The duty censor officer in Sydney on Sunday 31 May was 35-year-old Tulla Brown who remembers the Navy imposed an embargo on press cover for several hours, thus, news of the attack did not make the morning editions.
By fortuitous circumstances, Tulla Brown was the only press censor working when most of the harbour action was on and for some hours afterwards. The press censorship operated on overlapping rosters, usually four or five censors on duty at any one time. The shift of which she was part worked from 6:00 pm to 2:00 am on every night except Sunday. Because Sundays were quiet, the shift was from mid-afternoon until 11:00 pm.
In a letter published in the Bulletin in 1982, Tulla Brown wrote that Sundays from 11:00 pm were not only unusually quiet nights for submissions, they were also notable for lack of late night or all-night transport. Because her transport was the all-night Watsons Bay tram, she was scheduled on alone until 2:00 am. She said that had she been one of a team instead of alone on duty, she would not have had such vivid recollections of that dramatic night.
Tulla Brown recalled that one of the censors who had signed off at 11:00 pm had rang her from Circular Quay before 11:30 pm, telling her that “things are popping down here” with some sort of naval action and warning her to be ready for a very busy night.
I then promptly telephoned and awakened the chief censor in Canberra, believing, rightly, that he in turn would need to ring the Prime Minister, asleep or awake, as press submissions on a subject so much involved with security would certainly be flowing in.
She recalls their talk led to a mutual feeling that if people near the Quay, or living where they had harbour-side views and were hearing and seeing gunfire, as well as hectic searchlight activity and explosions, that it was important to quickly formulate censorship directions to allow for speedy publication. She wrote the concern was that delays would heighten public alarm.
The chief censor made very subtle private “soundings” of his own by telephone to confirm what he had heard from me, and I from my home-going colleague, before disturbing Mr Curtin. He took the same view as my chief and I had reached.
Of course, the service view had to be determined. I was directed to try to reach Rear-Admiral Muirhead-Gould on the telephone. This was a fruitless exercise. I tried many times but never got past a junior RAN officer at Garden Island, telling me with increasing embarrassment that the Rear-Admiral was not yet available and was, in fact, “patrolling” around the harbour. At some later stage came the rumour, probably from the press, which was then ringing me incessantly, that the Rear-Admiral was “tootling” around vantage points on his motor-scooter, then a novelty in this country. That was perhaps the only laugh of the night.
Tulla Brown wrote that she was directed by the chief censor not to make any reference about harbour events, and that she had to keep in touch with the censorship offices in Brisbane and Melbourne, with the latter obliged to keep in contact with points west and south.

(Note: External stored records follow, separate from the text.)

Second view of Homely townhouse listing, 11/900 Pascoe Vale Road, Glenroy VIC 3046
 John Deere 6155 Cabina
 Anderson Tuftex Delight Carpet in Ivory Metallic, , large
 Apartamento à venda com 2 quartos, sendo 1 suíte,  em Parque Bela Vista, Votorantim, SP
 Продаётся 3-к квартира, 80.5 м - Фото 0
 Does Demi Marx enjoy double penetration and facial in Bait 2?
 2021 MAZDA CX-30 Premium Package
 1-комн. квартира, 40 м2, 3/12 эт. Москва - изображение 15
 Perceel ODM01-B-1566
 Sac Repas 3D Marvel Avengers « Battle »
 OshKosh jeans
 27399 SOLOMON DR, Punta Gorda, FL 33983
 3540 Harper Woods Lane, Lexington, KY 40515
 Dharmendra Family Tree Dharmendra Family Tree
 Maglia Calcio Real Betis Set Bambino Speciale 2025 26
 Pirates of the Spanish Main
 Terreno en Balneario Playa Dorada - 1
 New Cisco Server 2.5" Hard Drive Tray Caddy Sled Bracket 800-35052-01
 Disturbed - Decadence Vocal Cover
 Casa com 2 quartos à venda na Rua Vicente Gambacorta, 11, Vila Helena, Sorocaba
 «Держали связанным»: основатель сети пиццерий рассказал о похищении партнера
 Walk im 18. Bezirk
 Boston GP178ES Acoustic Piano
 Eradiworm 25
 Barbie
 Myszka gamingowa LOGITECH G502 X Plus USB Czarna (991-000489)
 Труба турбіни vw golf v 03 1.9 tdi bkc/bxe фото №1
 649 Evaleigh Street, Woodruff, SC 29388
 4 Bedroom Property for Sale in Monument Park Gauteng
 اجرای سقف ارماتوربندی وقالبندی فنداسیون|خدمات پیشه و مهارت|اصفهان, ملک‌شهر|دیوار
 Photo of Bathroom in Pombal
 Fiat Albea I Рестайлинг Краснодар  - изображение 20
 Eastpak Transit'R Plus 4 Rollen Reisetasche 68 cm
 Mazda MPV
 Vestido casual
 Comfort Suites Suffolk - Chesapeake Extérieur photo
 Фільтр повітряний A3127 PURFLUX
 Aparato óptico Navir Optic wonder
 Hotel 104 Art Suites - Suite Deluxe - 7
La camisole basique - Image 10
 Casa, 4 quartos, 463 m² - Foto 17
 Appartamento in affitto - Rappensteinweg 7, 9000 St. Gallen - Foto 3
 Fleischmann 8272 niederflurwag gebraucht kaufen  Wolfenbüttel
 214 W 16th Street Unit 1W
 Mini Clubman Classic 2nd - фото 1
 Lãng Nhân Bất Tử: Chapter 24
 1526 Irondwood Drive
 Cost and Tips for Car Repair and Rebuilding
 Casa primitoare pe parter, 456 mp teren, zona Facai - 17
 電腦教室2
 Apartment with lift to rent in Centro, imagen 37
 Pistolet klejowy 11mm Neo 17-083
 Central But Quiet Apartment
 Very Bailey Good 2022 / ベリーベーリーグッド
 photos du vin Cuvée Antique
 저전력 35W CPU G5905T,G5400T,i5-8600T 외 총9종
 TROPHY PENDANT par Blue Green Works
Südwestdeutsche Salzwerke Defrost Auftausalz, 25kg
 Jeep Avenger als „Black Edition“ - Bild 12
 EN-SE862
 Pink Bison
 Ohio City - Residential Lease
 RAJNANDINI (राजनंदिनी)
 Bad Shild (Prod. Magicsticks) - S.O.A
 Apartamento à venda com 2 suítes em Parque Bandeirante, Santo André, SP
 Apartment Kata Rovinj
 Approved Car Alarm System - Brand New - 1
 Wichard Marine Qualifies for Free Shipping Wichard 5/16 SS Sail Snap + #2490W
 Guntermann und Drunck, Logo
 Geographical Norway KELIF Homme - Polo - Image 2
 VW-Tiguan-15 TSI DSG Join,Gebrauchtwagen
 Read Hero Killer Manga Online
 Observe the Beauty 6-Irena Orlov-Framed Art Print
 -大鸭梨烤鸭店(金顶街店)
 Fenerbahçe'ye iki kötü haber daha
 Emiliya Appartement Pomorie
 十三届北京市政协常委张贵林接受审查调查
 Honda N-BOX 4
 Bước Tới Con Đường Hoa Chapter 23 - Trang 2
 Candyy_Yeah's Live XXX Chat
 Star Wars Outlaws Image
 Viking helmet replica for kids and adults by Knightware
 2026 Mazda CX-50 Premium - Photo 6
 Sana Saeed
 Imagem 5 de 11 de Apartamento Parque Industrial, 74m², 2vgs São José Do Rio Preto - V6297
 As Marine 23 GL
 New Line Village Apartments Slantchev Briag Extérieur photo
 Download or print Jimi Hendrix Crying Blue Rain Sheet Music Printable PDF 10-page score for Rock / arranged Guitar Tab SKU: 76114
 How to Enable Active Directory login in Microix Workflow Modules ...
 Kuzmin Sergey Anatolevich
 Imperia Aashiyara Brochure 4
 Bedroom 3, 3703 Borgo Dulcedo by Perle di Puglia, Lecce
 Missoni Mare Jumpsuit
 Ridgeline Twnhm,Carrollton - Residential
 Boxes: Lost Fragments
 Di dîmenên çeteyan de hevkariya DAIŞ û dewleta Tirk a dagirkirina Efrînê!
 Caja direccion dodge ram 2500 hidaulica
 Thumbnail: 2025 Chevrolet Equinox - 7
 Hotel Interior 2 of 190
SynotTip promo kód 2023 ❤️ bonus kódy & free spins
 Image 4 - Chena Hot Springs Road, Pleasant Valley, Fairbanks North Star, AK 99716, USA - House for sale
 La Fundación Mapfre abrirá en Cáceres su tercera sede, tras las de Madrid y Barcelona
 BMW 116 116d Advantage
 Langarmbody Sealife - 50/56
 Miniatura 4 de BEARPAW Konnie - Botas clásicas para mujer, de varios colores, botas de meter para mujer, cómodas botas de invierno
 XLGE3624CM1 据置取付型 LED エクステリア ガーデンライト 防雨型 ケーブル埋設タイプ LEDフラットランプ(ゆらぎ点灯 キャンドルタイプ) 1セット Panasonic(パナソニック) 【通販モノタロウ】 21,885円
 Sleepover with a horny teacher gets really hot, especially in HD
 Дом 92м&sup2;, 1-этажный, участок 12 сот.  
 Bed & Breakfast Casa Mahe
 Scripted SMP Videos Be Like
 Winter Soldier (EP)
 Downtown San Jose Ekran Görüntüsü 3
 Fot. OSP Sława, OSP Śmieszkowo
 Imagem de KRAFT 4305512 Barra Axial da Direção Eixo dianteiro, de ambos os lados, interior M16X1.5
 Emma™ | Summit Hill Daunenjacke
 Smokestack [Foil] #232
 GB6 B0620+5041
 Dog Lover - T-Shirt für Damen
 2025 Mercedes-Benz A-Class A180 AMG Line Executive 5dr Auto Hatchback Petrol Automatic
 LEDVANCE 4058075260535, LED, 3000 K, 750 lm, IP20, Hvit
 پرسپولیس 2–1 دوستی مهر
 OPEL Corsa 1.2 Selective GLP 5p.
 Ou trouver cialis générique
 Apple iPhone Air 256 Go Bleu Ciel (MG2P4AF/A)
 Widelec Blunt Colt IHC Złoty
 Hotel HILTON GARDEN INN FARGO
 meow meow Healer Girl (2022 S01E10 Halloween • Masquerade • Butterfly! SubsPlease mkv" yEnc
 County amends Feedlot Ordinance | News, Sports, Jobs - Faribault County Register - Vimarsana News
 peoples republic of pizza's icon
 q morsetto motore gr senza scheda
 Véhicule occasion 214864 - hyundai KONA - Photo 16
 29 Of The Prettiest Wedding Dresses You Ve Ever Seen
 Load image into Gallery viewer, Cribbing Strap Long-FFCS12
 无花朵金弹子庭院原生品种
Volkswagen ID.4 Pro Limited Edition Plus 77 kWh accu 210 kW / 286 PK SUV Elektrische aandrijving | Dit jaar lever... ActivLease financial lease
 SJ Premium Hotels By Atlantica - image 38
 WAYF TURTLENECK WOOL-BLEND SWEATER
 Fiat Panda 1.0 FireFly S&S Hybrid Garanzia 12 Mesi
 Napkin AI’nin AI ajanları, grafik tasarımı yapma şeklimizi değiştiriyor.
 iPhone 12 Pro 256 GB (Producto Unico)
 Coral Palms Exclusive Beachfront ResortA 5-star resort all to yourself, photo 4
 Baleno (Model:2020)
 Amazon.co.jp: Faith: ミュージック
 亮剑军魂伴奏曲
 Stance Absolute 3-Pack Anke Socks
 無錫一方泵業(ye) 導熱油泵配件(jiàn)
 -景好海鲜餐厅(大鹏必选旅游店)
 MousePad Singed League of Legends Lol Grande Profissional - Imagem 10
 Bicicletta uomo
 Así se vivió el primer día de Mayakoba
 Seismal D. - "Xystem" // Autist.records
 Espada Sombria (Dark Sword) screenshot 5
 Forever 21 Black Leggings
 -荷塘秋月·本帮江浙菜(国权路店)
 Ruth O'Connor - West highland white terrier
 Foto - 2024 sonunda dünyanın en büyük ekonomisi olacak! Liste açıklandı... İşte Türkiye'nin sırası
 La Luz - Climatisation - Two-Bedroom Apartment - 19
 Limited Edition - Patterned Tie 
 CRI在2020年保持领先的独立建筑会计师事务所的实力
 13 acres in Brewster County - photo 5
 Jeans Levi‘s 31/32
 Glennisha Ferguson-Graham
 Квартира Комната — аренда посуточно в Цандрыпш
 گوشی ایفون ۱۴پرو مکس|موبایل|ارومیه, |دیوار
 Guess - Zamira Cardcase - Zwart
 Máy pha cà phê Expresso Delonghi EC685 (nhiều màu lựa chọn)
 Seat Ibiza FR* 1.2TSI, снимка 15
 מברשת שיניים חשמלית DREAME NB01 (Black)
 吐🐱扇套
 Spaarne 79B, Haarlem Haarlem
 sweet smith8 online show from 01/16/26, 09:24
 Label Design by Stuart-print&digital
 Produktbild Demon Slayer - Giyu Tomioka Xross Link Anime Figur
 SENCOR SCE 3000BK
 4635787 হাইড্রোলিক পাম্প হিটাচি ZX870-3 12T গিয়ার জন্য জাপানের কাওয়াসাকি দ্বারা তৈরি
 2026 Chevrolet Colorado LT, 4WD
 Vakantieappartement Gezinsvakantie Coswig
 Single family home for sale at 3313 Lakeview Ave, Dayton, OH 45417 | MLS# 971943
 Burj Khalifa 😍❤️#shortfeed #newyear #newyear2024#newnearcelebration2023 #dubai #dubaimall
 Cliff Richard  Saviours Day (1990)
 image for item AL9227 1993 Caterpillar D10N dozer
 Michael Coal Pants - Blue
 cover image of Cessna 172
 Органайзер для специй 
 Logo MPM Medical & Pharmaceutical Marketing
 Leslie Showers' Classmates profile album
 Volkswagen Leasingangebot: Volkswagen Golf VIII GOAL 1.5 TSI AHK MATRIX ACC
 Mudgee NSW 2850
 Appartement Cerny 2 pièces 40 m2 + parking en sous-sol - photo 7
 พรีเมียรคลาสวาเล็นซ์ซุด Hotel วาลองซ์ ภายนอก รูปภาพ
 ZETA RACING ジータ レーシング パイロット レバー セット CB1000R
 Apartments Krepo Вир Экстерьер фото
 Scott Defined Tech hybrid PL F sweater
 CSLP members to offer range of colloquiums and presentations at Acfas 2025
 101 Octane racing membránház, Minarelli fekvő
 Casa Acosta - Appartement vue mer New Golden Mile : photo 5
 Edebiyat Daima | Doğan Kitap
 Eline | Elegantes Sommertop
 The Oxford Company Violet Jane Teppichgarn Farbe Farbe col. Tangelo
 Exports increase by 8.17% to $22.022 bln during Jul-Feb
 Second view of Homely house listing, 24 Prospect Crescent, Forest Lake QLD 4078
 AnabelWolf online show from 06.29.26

One of my outstanding memories of the night is the harrying I was subjected to from the Daily Telegraph once it was realised that there was “only a woman” on call at our office. I guessed it was hoped that I might panic under the stress of repeated telephone calls and blurt out some information they did not have. First a sub-editor on what was probably a reasonable inquiry. But then, relentlessly at short intervals, the chief sub-editor, the news editor, an unremembered executive, and finally the formidable Brian Penton, then at the top of that paper’s hierarchy.
Daily Telegraph journalist John Hector recounted to the author that some eight weeks earlier, Penton had been told “by the highest authority in Australia” that a Japanese attack on Sydney Harbour was expected. This prediction resulted in a 20 pound wager between Penton and Hector. Hector quite emphatically recalls attempting to file this information sometime before the attack, but censorship prevented the story being published. If true, Hector’s strong recollections point to a national government that knew more than it was letting on.
Sir Paul Hasluck in his book, The Government and the People, describes nine newspapers that were banned by the government by means of censorship power; and the daily newspapers complained of continuous and needless delays of publication because of censorship.
Hasluck goes on to say that “censorship probably went furthest beyond the normal practices of Australian democracy”. He further records that: “Censorship acted as the handmaiden of all government departments with their wartime activities.”
When Curtin became Prime Minister in October 1941, censorship was intensified. Such was the power of censors at that time that it caused Robert Menzies to comment:
The greatest tragedy that could overcome a country would be for it to fight a successful war in defence of liberty and lose its own liberty in the process.
Menzies and Curtin themselves were censored on several occasions after issuing press statements, by what Hasluck calls blundering and over-zealous individual censors.
Tulla Brown recalls that the big expansion of the censorship apparatus started almost immediately after General MacArthur’s arrival in Australia in early 1942 until mid-November.
This was the period of very big events, of which, of course, we were aware, as we were aware of their crucial significance. These included the battles of the Coral Sea and of Midway, the New Guinea and island campaigns… We were required to follow the MacArthur communiqués on non-local military actions and work in tandem with his military censors. I must confess that these pro-American “boys”, who ignored specific credit to the Australian forces, were often as unpalatable to the Australian censors as they were to our war correspondents who were restricted by them. They sourly called General MacArthur “God”.
In the weeks following the Sydney Harbour raid, there were demands from some sections of the press for an official inquiry; but none came. The Curtin Labor War Cabinet was deeply concerned about the defeatism of the population and could ill-afford another Royal Commission into the handling of defences so soon after the Darwin attack.